Goal of the exercise: Upon reaching the line that contains "dân tộc Nét" in the records below, begin repeating every line exactly through the last one, skipping pictures.

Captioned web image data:
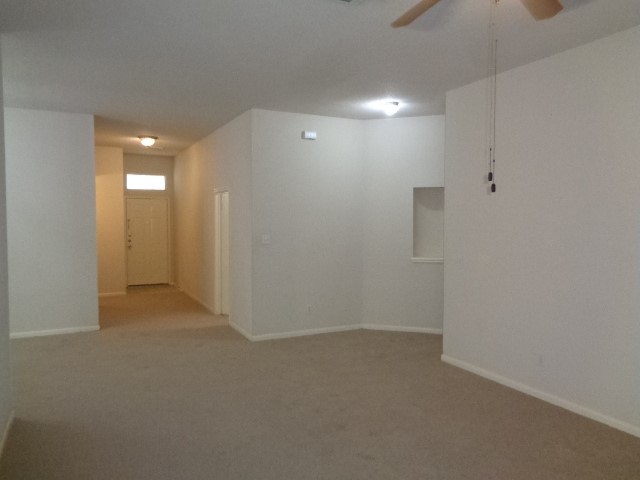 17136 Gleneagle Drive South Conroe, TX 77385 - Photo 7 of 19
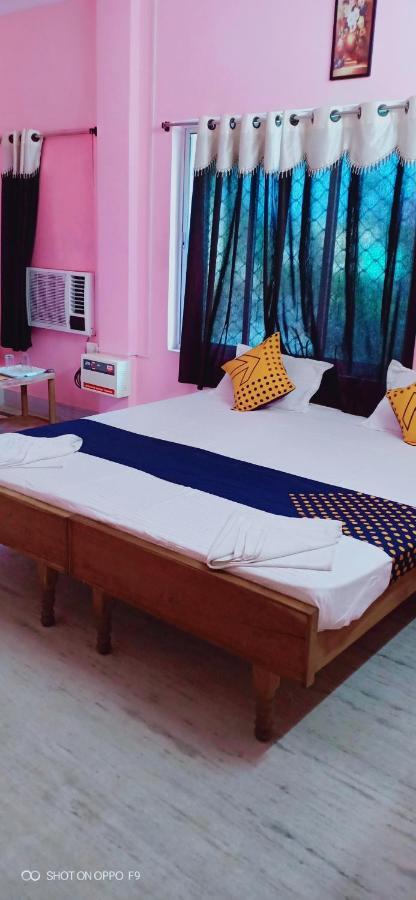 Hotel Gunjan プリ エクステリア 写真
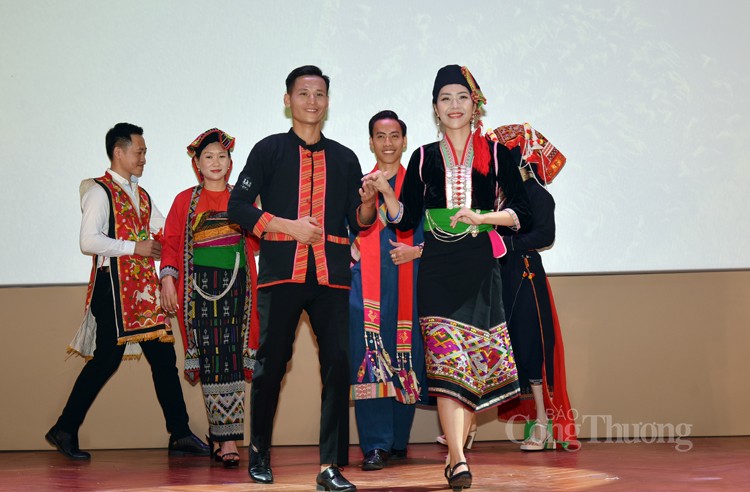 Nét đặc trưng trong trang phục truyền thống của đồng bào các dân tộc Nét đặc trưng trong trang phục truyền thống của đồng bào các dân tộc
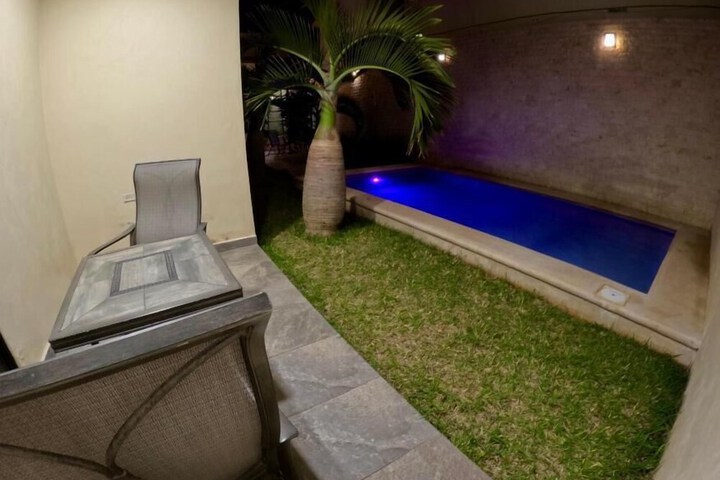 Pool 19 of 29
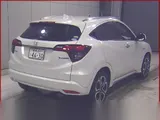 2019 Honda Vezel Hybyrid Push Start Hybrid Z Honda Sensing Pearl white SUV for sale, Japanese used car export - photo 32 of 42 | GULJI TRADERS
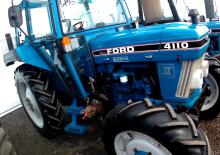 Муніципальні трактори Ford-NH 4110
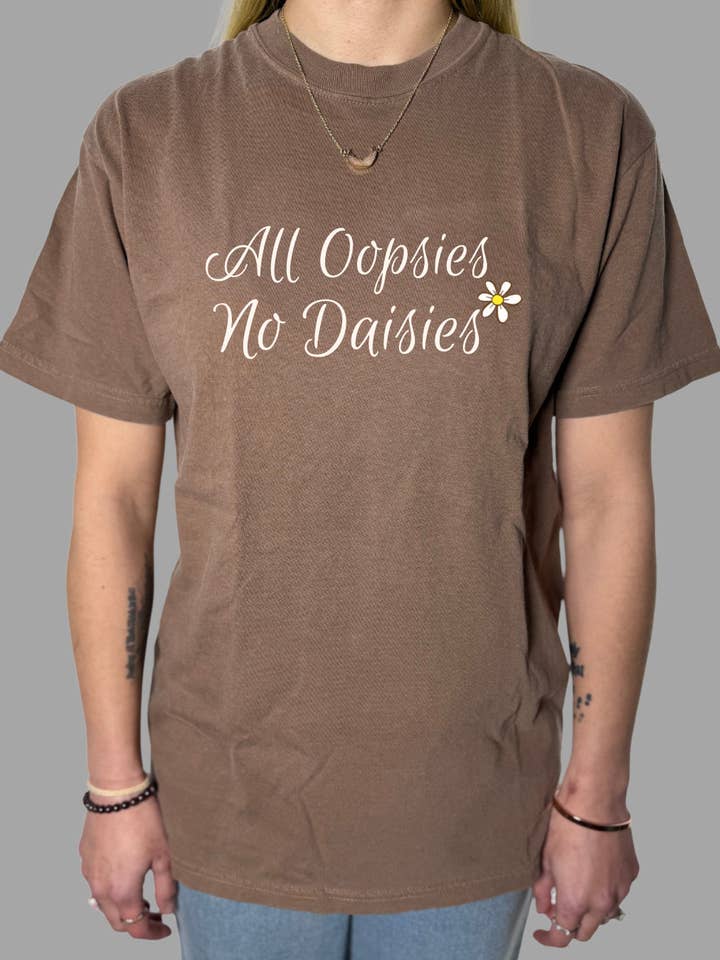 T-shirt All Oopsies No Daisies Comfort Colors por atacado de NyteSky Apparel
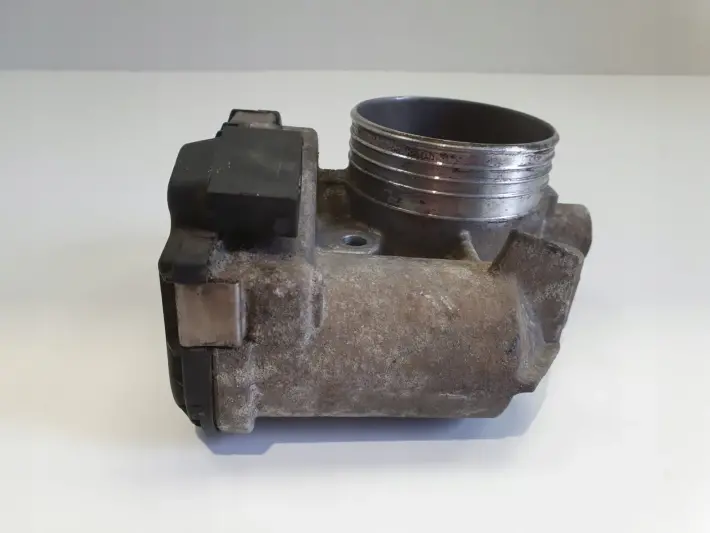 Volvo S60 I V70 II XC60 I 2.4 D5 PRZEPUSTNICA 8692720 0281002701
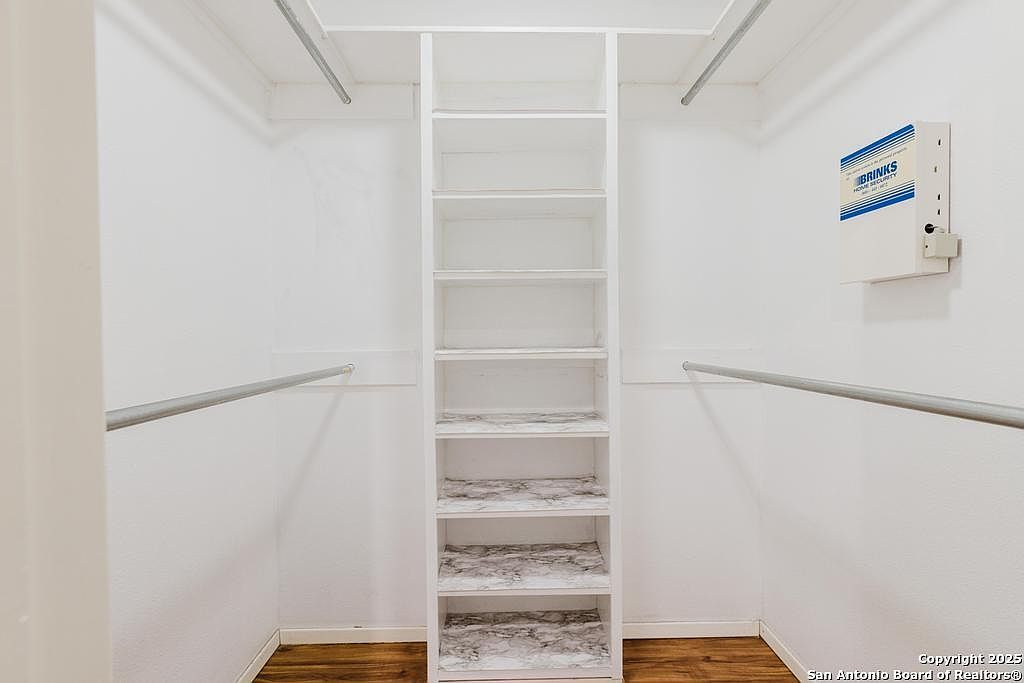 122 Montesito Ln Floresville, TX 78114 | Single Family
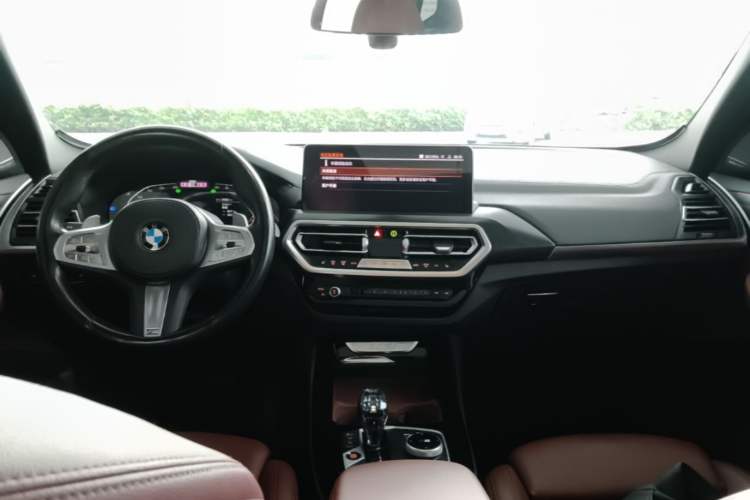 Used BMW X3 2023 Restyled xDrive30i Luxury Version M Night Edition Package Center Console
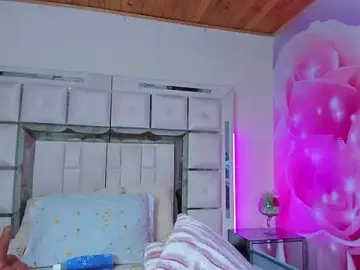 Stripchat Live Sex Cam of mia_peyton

Written answer:
 Nét đặc trưng trong trang phục truyền thống của đồng bào các dân tộc Nét đặc trưng trong trang phục truyền thống của đồng bào các dân tộc
 Pool 19 of 29
 2019 Honda Vezel Hybyrid Push Start Hybrid Z Honda Sensing Pearl white SUV for sale, Japanese used car export - photo 32 of 42 | GULJI TRADERS
 Муніципальні трактори Ford-NH 4110
 T-shirt All Oopsies No Daisies Comfort Colors por atacado de NyteSky Apparel
 Volvo S60 I V70 II XC60 I 2.4 D5 PRZEPUSTNICA 8692720 0281002701
 122 Montesito Ln Floresville, TX 78114 | Single Family
 Used BMW X3 2023 Restyled xDrive30i Luxury Version M Night Edition Package Center Console
 Stripchat Live Sex Cam of mia_peyton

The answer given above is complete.